Reece nods. His jaw hardens in a clear commitment to the rip-the-bandage tenet. “Night after tomorrow,” he supplies.
“The night of the gala?” Now I grip the counter—tempted to rip the whole thing off the wall. “Holy. Fuck. The night of the gala.”
And that sure as hell answers my question about where.
I wave my hands in front of the sink sensors. When that doesn’t work—because who except a contortionist gets it right with these damn things—I pound a fist at the porcelain bowl. As soon as the faucet turns on, I scoop as much water as I can and drench my face. Then again. And again.
“Emmalina.”
He’s come up behind me to murmur it. Bad idea. I rise up, throwing an elbow backward. I don’t mean to hit him, but I do, and the beautiful man just takes it—and the next two—with barely a flinch. I can’t decide whether to scream at the ceiling in frustration or spin around and drench him in my sobs of rage. My boyfriend is a superhero, meaning I can use him as a punching bag whenever I damn well want. But my boyfriend is a superhero—meaning a gang of loon factory scientists are intent on turning one of the biggest events of my life into their freaking battlefield.

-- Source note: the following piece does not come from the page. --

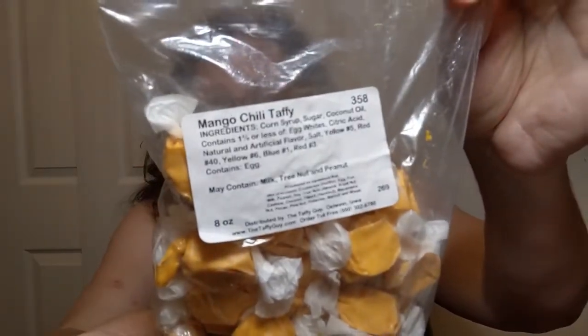My other hot taste today is something a little bit different. I did go to the Azalea Festival this past weekend in Pickens, South Carolina, and there was a vendor there — they actually travel to a lot of different festivals and fairs — and they do taffy. So what I have is mango chili taffy. Doesn't that sound amazing?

He cups my shoulders from behind as I sag against the counter and watch forlorn drops plop out of the spigot. “We haven’t even validated that the threat is real yet,” he says quietly. “My first concern was just getting here to make sure you were safe. But Foley’s working on it with some trusted contacts at the bureau, and if he discovers anything substantial, we’ll ensure that RRO still gets the money it needs to—”
I silence him by cracking the towel. The snap hits the air like a whip. In the ringing silence it leaves behind, I utter through my teeth, “The money?”
The syllables sound as insignificant as they are—as meaningless as the dollar signs are to the RRO event. But going on from there, trying to explain what this is all really about, is going to come up just as short. He either gets it or he doesn’t. He either sees that the growth of the event, from twelve to fifty to two hundred in just a few weeks, isn’t because of him or me or his dad. It’s because of passion and heart and people who believe in this…who believe in these kids. RRO’s “blind application” process—shielding the applicant’s name, ethnicity, and gender from the acceptance panel—has given us a first wave of apprentices from so many corners of the world, including a lot of US cities. The fundraiser, featuring video interviews with all those kids, is going to be the official start of all their journeys. Their launch into their more.